FOUR of Indonesia’s major commercial banks have announced they will be integrating their cashless payment services under a single network in support of the country’s National Payment Gateway (NPG) program, which is an effort by the central Bank Indonesia.
A Memorandum of Understanding (MoU) was issued recently on interconnectivity and interoperability, reports e27, and this fintech plan appears to be a manifestation of that.
The four banks include Bank Mandiri, Bank Negara Indonesia (BNI), Bank Rakyat Indonesia (BRI), and privately-owned Bank Central Asia (BCA).
President Director and CFO of Bank Mandiri, Kartika Wirjoatmodjo, told CNN Indonesia the four banks were requested to be first in line in the building of an e-money platform. Each bank already has its own, which he added could be run under “a single system”.
Together, the four banks control 75 percent of the market share of debit and credit cards in Indonesia. Kartika said that once all their e-money systems have been combined, each bank will benefit from one another’s infrastructure.
There is also an opportunity for other banks outside of the group to issue their own cards for customers to use within the platform created by the four banks. However, Kartika added that there would be a transaction fee involved as “we were the ones building the capital expenditure”.
Indonesians can expect to see the integrated platform within the next two months.

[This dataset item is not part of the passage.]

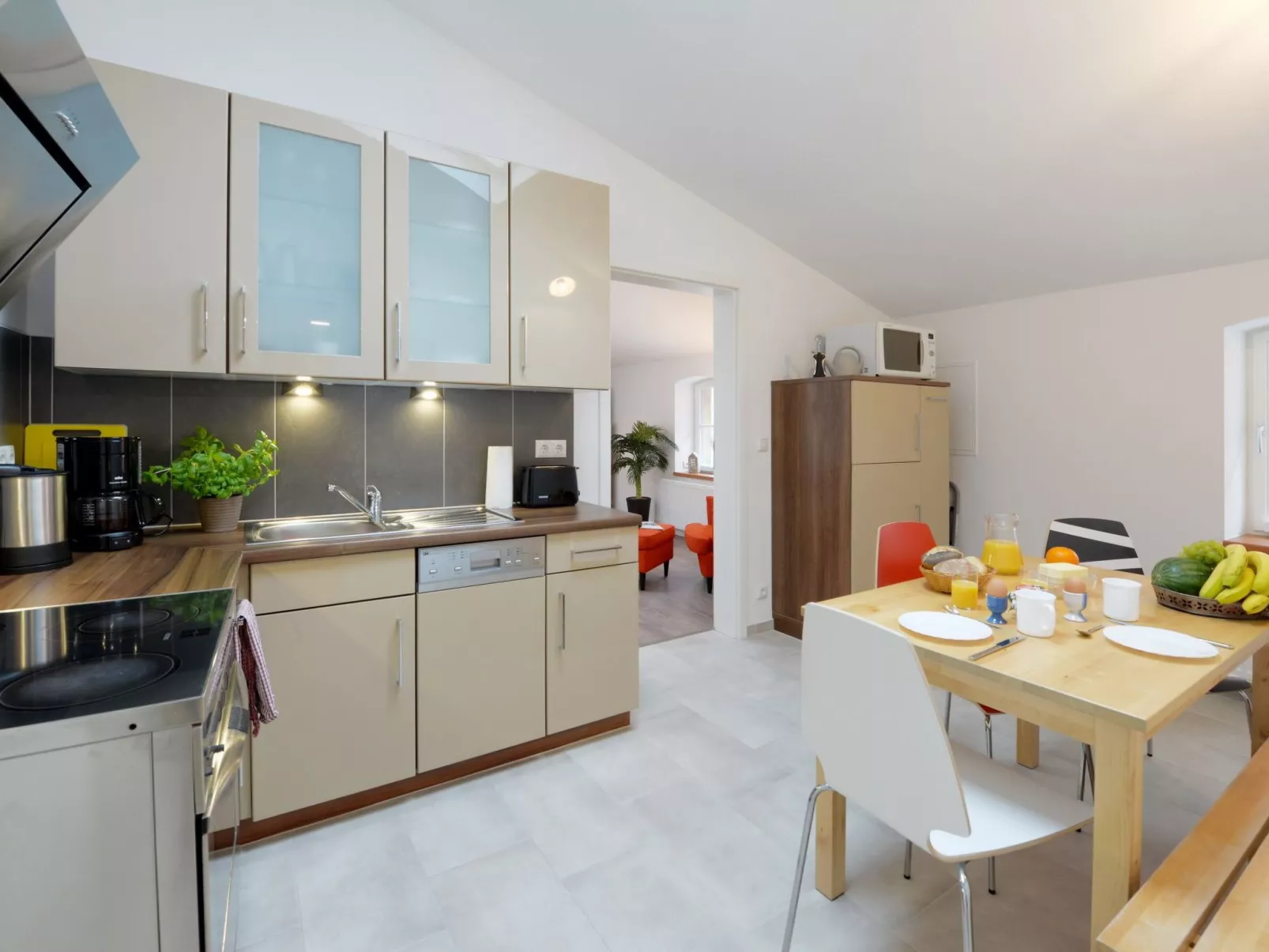 Für 6 Personen ca. 85 m&sup2; in Stralsund, Norddeutschland (Mecklenburg-Vorpom - Image-tags.info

for country like Indonesia where COD is still a strong payment option, fintech could give a new hope https://t.co/DiArMOKUN9
— Christine Siagian (@mezos) January 23, 2017
It’s been slow going for fans of a cashless payment system in Indonesia, due to an extremely fragmented market and difficulty in getting customers to adopt the method. In addition to that, majority of Indonesians are mistrustful towards banks – as of October last year, only an estimated 35 percent of adults own bank accounts.
The Asian Development Bank Institute said in its 2014 ‘Financial Inclusion in Asia report’: “The geographical diversity and mass population pose natural obstacles to financial inclusion. The remote location of small islands and the limited banking potential of their inhabitants discourage banks from reaching out and providing financial services.”
But programs to improve financial literacy have been ongoing, and the Indonesian government is being urged by financial experts to diversify its efforts in reaching more of the population.